Advanced Data Structures and Algorithms

This book requires that you first read Data Structures.

This book requires that you first read Algorithms.

This is a book to complement the Data Structures book and the Algorithms book, and assumes these books as prerequisites.

There are two conflicting goals in online book writing:

to be an introduction to fundamental material
to be a complete reference work that includes discussions of tangential material

We've decided to do both. The Data Structures text and the Algorithms text focus on just the fundamentals. This book (Advanced Data Structures and Algorithms) is a place for reference material. The idea is that a student in the span of a year or less can cover those fundamentals and then move on the advanced topics in this book.

Possible topics

Parallel Programming (section; an elaboration of divide and conquer, or pipeline decoupling for streaming algorithms)
Memory Management and Garbage Collection (whole chapter)
NP-Completeness (whole chapter)
Proof of the master theorem (section)
Quadtrees and Octrees and R-trees (chapter)
Trie data structure
B-trees (chapter) (didn't we already cover this in Data Structures/Trees#B Trees and Algorithm Implementation/Trees/B+ tree ?)
(pseudo) random number generators (see Statistics/Numerical Methods/Random Number Generation, etc.)
Introspective Sort (section; a hybrid sorting algorithm)
Closures ( What Is Closure? )
Continuations ( continuations )
Cache-Aware and Cache-Oblivious Algorithms
Approximation
Maximum Flow
Primality testing (see Algorithm Implementation/Mathematics/Primality Testing, Algorithm Implementation/Mathematics/Prime number generation, Some Basic and Inefficient Prime Number Generating Algorithms, Cryptography/Mathematical Background#Primality Testing, Discrete Mathematics/Number theory#Testing for primality, Cryptography/RSA#Key Generation, etc.)

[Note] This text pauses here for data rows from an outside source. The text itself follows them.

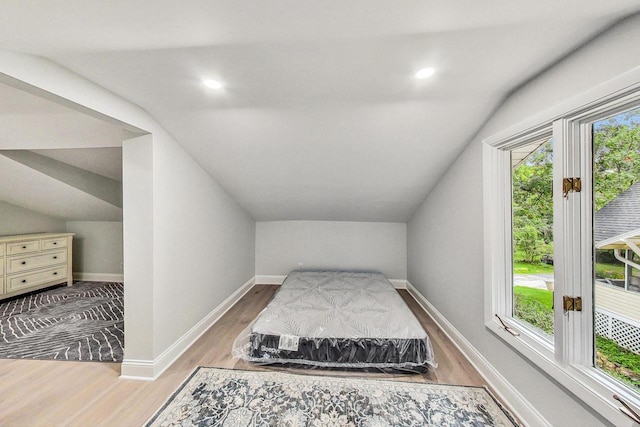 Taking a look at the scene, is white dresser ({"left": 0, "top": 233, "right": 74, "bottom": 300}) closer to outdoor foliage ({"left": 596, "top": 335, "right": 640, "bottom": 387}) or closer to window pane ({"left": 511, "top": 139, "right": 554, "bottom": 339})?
window pane ({"left": 511, "top": 139, "right": 554, "bottom": 339})

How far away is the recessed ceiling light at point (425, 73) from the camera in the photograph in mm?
1390

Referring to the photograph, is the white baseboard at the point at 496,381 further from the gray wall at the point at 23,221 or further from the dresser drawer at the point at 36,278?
the gray wall at the point at 23,221

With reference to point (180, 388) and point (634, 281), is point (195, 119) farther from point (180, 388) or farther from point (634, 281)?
point (634, 281)

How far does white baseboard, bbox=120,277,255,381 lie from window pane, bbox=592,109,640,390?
2.87m

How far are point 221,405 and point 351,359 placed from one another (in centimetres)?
102

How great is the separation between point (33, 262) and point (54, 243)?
36 cm

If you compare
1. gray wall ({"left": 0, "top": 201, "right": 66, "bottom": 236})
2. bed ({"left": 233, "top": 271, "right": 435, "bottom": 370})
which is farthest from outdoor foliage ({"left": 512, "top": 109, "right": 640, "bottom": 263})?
gray wall ({"left": 0, "top": 201, "right": 66, "bottom": 236})

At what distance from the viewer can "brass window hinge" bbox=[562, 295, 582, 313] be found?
1.23 meters

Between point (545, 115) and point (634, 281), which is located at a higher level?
point (545, 115)

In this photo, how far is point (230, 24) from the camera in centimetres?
104

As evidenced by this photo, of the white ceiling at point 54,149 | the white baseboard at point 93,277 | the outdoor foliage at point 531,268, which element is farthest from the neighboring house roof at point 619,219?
the white baseboard at point 93,277

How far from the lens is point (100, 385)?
1749 mm

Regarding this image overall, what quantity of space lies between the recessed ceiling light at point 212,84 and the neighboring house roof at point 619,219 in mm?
2294

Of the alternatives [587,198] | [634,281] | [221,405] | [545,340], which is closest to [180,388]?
[221,405] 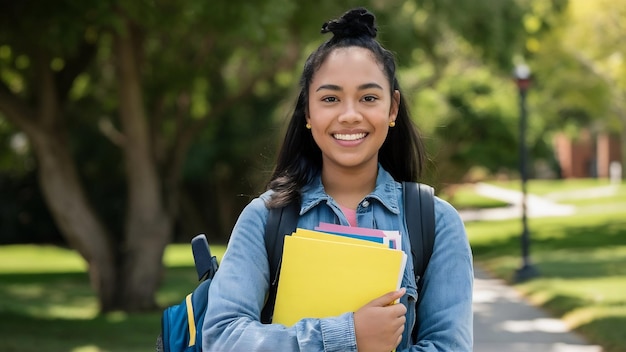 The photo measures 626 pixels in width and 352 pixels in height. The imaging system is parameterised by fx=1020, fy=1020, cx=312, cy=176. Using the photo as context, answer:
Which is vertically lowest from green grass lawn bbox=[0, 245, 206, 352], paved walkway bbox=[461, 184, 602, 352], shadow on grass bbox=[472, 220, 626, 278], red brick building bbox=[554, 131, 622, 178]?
green grass lawn bbox=[0, 245, 206, 352]

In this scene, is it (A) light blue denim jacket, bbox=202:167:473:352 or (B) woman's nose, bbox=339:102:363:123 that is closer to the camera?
(A) light blue denim jacket, bbox=202:167:473:352

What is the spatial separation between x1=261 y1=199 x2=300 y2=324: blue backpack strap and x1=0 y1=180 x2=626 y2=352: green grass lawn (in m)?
7.01

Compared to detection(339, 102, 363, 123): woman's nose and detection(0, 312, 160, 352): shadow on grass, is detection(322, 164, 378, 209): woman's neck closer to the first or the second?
detection(339, 102, 363, 123): woman's nose

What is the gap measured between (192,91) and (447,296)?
1343 centimetres

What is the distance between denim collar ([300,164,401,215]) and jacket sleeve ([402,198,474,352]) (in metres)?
0.13

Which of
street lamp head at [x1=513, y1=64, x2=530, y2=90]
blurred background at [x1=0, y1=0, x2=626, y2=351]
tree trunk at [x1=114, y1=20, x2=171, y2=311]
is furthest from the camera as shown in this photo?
street lamp head at [x1=513, y1=64, x2=530, y2=90]

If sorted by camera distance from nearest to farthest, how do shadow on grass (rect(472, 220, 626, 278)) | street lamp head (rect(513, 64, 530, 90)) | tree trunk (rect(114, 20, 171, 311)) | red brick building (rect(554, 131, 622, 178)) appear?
tree trunk (rect(114, 20, 171, 311)) → street lamp head (rect(513, 64, 530, 90)) → shadow on grass (rect(472, 220, 626, 278)) → red brick building (rect(554, 131, 622, 178))

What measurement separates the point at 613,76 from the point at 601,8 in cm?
300

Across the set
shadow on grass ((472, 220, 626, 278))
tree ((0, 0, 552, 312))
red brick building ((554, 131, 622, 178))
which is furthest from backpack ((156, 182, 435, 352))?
red brick building ((554, 131, 622, 178))

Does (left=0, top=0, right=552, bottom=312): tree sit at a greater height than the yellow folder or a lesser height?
greater

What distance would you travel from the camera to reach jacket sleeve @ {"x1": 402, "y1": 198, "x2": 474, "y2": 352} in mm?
2250

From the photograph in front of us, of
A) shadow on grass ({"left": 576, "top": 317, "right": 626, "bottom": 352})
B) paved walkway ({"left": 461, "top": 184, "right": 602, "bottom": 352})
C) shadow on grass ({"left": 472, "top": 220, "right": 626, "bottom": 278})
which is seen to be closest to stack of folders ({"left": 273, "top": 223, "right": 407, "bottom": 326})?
shadow on grass ({"left": 576, "top": 317, "right": 626, "bottom": 352})

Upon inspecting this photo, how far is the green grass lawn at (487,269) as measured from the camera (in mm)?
10508

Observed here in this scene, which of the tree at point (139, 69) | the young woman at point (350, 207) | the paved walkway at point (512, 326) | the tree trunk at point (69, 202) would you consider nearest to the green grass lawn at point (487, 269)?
the paved walkway at point (512, 326) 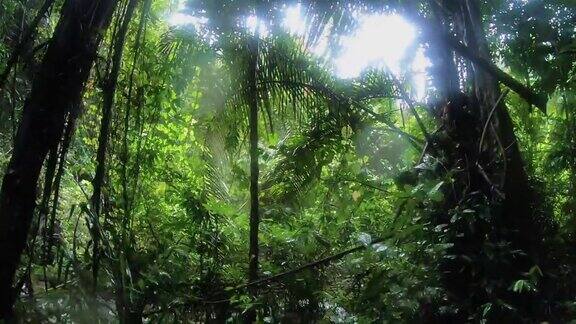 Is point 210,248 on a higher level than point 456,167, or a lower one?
lower

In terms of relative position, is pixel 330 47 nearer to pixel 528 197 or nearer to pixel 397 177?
pixel 397 177

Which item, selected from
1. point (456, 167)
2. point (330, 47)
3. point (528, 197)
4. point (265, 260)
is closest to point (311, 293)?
point (265, 260)

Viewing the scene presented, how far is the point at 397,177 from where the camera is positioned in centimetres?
341

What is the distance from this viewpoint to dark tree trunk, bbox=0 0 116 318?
1.84 metres

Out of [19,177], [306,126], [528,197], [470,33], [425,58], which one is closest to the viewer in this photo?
[19,177]

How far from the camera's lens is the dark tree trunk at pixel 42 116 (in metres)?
1.84

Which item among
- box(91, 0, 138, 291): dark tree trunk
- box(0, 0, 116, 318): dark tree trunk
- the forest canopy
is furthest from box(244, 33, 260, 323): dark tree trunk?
box(0, 0, 116, 318): dark tree trunk

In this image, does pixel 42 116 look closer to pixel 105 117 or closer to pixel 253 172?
pixel 105 117

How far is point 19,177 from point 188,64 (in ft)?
7.58

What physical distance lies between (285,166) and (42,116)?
9.15ft

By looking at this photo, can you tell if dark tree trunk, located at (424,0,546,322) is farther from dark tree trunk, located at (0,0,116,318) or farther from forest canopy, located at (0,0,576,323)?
dark tree trunk, located at (0,0,116,318)

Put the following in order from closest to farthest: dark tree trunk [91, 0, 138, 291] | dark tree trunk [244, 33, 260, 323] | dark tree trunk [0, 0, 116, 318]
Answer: dark tree trunk [0, 0, 116, 318] → dark tree trunk [91, 0, 138, 291] → dark tree trunk [244, 33, 260, 323]

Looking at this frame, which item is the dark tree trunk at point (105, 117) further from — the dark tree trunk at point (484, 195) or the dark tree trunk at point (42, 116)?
the dark tree trunk at point (484, 195)

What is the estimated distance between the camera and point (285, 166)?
14.8 ft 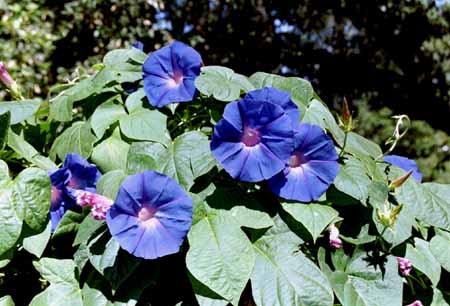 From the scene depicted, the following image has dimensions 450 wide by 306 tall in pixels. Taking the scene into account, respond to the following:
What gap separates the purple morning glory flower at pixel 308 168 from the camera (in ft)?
4.07

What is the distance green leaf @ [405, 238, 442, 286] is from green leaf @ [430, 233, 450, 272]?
0.03 feet

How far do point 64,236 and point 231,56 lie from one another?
180 inches

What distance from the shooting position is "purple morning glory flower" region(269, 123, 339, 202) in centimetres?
124

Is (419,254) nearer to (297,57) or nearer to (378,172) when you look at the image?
(378,172)

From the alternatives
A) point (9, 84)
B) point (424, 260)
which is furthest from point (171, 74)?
point (424, 260)

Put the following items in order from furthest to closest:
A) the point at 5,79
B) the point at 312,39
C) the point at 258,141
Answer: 1. the point at 312,39
2. the point at 5,79
3. the point at 258,141

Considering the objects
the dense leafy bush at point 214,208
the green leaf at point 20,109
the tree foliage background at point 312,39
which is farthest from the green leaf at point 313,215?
the tree foliage background at point 312,39

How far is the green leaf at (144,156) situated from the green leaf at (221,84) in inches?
5.9

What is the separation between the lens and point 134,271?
1.23m

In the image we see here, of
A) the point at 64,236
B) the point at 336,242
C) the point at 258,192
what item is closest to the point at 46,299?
the point at 64,236

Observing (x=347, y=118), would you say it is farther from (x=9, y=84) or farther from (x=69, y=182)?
(x=9, y=84)

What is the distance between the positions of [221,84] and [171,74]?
0.45 feet

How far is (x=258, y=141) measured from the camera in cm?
126

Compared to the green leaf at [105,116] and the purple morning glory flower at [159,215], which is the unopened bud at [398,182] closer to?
the purple morning glory flower at [159,215] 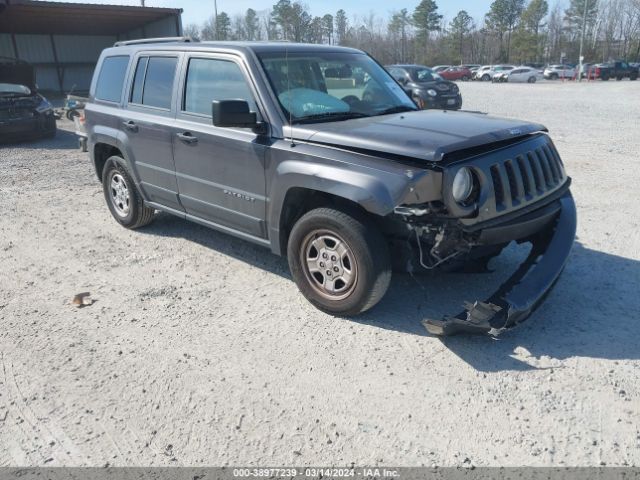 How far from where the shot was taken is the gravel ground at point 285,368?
287 cm

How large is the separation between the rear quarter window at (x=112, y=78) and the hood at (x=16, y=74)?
9.11m

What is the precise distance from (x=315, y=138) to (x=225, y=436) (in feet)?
7.04

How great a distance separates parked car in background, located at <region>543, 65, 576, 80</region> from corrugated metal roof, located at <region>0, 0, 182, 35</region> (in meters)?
39.6

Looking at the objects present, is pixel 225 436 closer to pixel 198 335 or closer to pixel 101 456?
pixel 101 456

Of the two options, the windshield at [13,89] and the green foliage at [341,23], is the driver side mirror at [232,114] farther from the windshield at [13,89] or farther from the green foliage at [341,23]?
the green foliage at [341,23]

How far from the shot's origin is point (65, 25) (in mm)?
27891

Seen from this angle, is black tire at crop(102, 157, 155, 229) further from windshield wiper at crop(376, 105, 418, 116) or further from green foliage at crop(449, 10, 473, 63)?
green foliage at crop(449, 10, 473, 63)

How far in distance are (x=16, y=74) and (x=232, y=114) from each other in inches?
505

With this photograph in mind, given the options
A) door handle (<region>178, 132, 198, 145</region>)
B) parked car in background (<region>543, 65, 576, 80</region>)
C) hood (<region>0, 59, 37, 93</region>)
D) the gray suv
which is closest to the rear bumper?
hood (<region>0, 59, 37, 93</region>)

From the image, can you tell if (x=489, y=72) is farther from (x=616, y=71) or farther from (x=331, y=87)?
(x=331, y=87)

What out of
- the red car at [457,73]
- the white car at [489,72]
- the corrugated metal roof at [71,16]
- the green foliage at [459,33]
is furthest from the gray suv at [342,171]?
the green foliage at [459,33]

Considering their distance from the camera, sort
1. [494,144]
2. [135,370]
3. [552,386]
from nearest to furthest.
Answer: [552,386] < [135,370] < [494,144]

While there is no content here yet, please feel free to start writing sections! Because this book is more of a reference, chapters can be more independent of each other. Further, you can assume the reader already knows the basic data-structures and algorithms.

FFT Multiplication*

As covered in the Algorithms book, by breaking an integer into two parts and treating it as a polynomial, we were able to derive a better-than-grade-school multiplication algorithm. Even more gains in efficiency can be made if we break the integer into three parts instead. However, we don't need to stop there: we can generalize the technique of polynomial multiplication and interpolation by breaking an n digit binary number into a degree n polynomial, which breaks the number up into its individual digits (and is the furthest we can divide such a number).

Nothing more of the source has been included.